Example: If your taxable investments are worth $100,000 and your total basis is $80,000, your average basis is 80% ($80,000 / $100,000). That means an average of 20% of the portfolio's value is unrealized gain. If you sell $10,000 worth of stock, your estimated gain is $2,000 (20% of $10,000). With a post-retirement tax rate of 10%, your taxes on the withdrawal are $200 (10% of $2,000).
Taxes on other income
Other income is taxed at the individual tax rate you specify for that income. It is usually taxed at your highest marginal rate because it is added to your total income. You can select the tax rate for each type of other income in the Other income dialog.
Taxes on income from a home or asset
Income from a home or asset is taxed at the rate you specify for that income. Since this income adds to your other income, it is likely to be taxed at your highest marginal rate. You can set the tax rate for this income in the Asset Accounts or Planned Assets dialog.
Taxes on gains from the sale of a home
When you sell a home (after May 6, 1997), you are taxed on any realized gain that is not excluded under IRS rules. The Lifetime Planner shows how the gain is calculated in the Asset Accounts or Planned Assets dialog and applies the tax rate you specify for that home.
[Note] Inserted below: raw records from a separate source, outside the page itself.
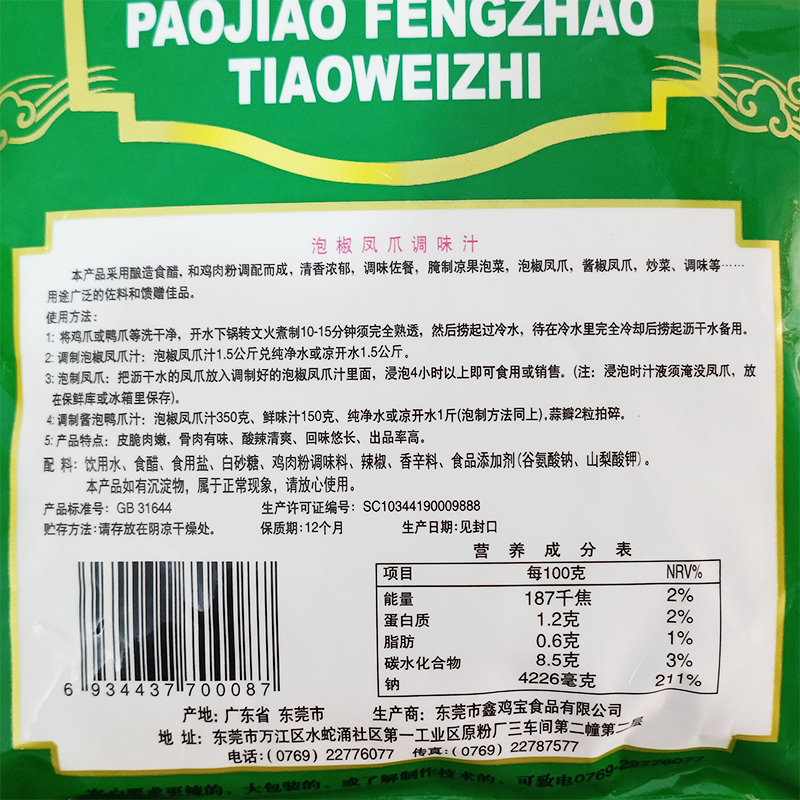 鑫鸡宝泡椒凤爪调味汁 泡椒风味鸡爪泡制调味汁1500g装【调料汁】 - 图3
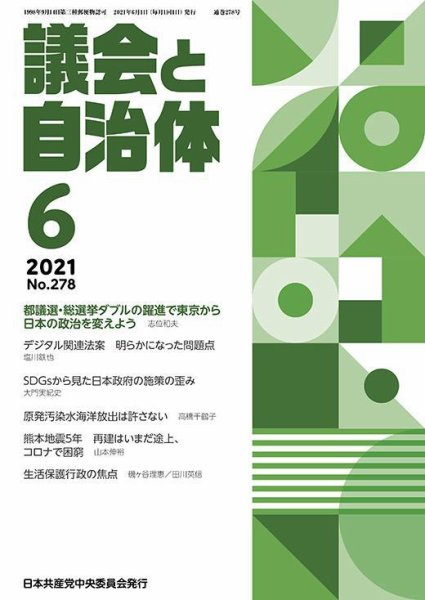 議会と自治体 2021年6月号 (発売日2021年05月24日) 表紙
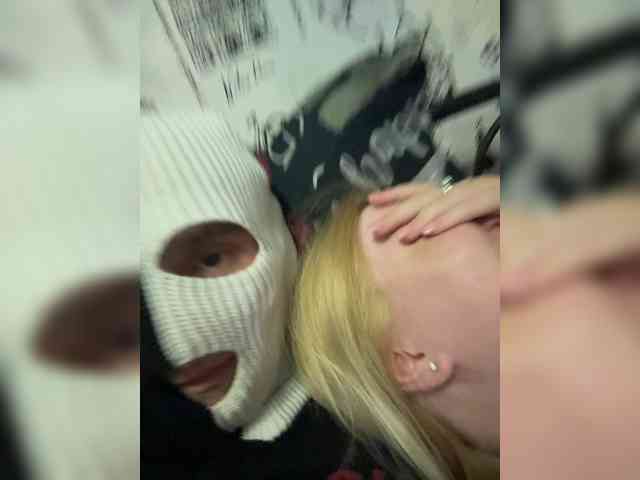 NIKADELE webcam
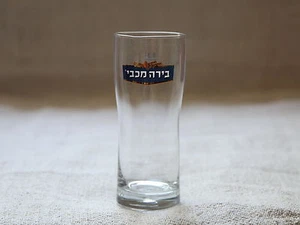 MACCABEE Israel Israeli Beer 0.3L/10.14oz Clear Glass NEW - Picture 1 of 3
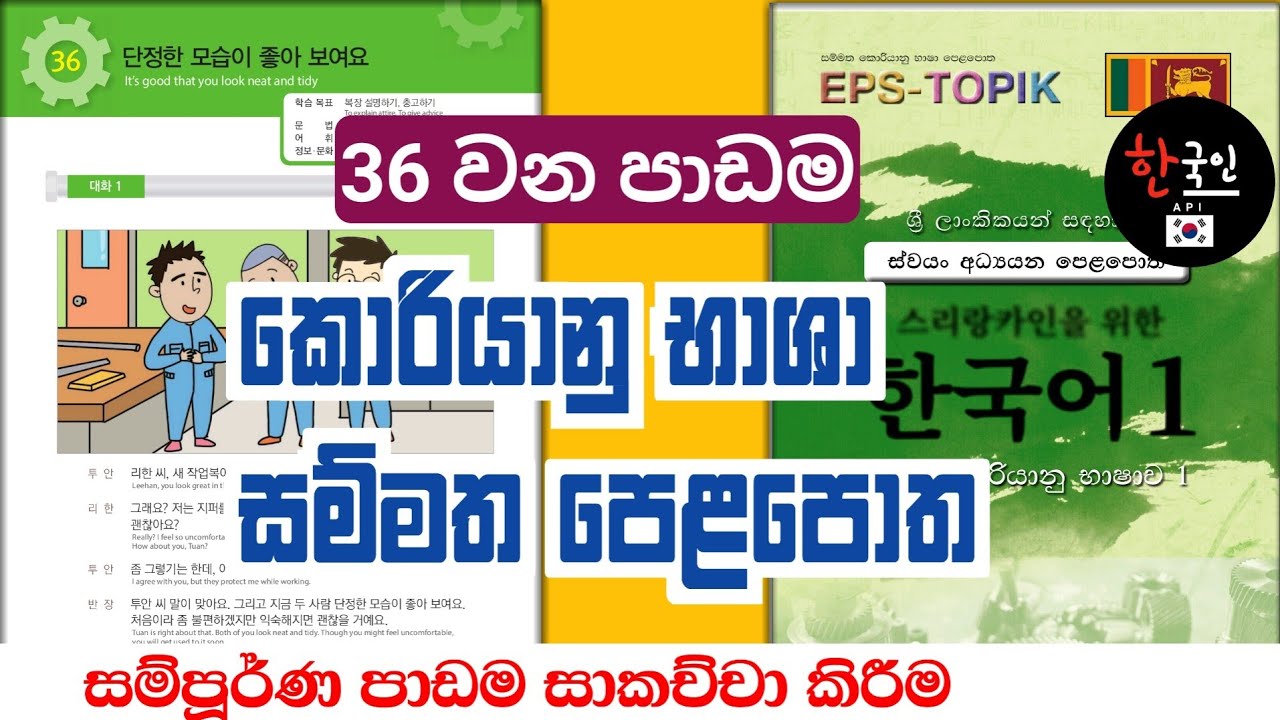 කොරියානු භාශා පාඩම් 60 පොතේ 36 පාඩම | learn korean language in sinhala 36 lesson discussion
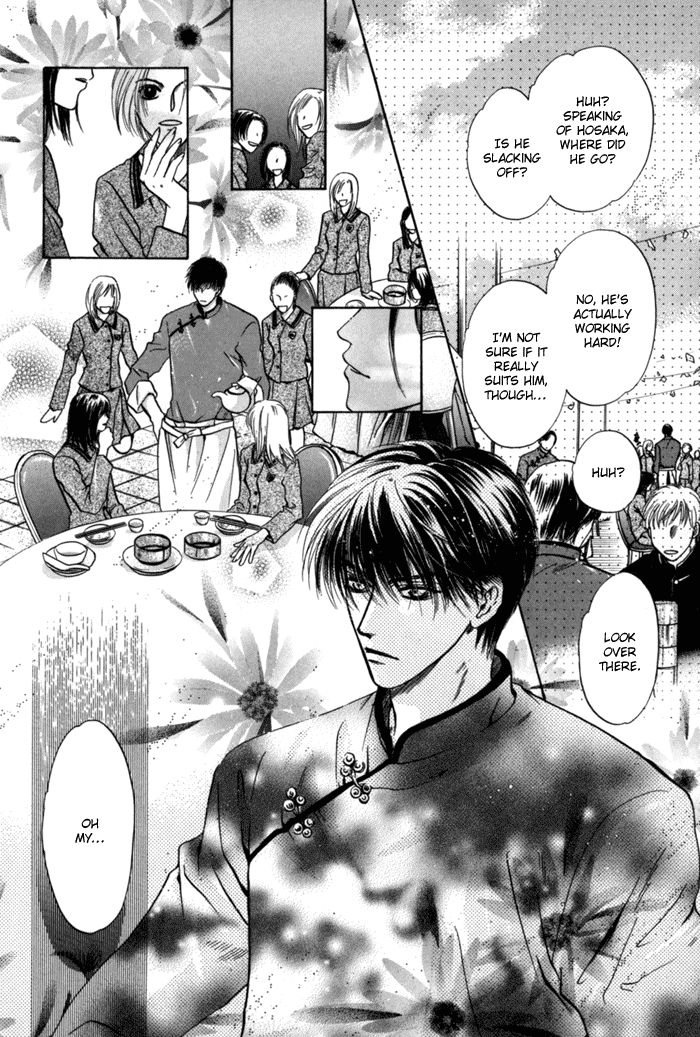 Komatta Toki ni wa Hoshi ni Kike! Chapter 27 page 13 - Chapter 27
Taxes on gains from the sale of an asset
Gains from selling assets are calculated as follows:
Sale price – Basis, where basis = Purchase price + Improvements + Selling costs – Depreciation (if any).
The Lifetime Planner taxes the gain at the rate specified in the Asset Accounts or Planned Assets dialog.
Not Available in Canada
This tool is unavailable for users of our Canadian products.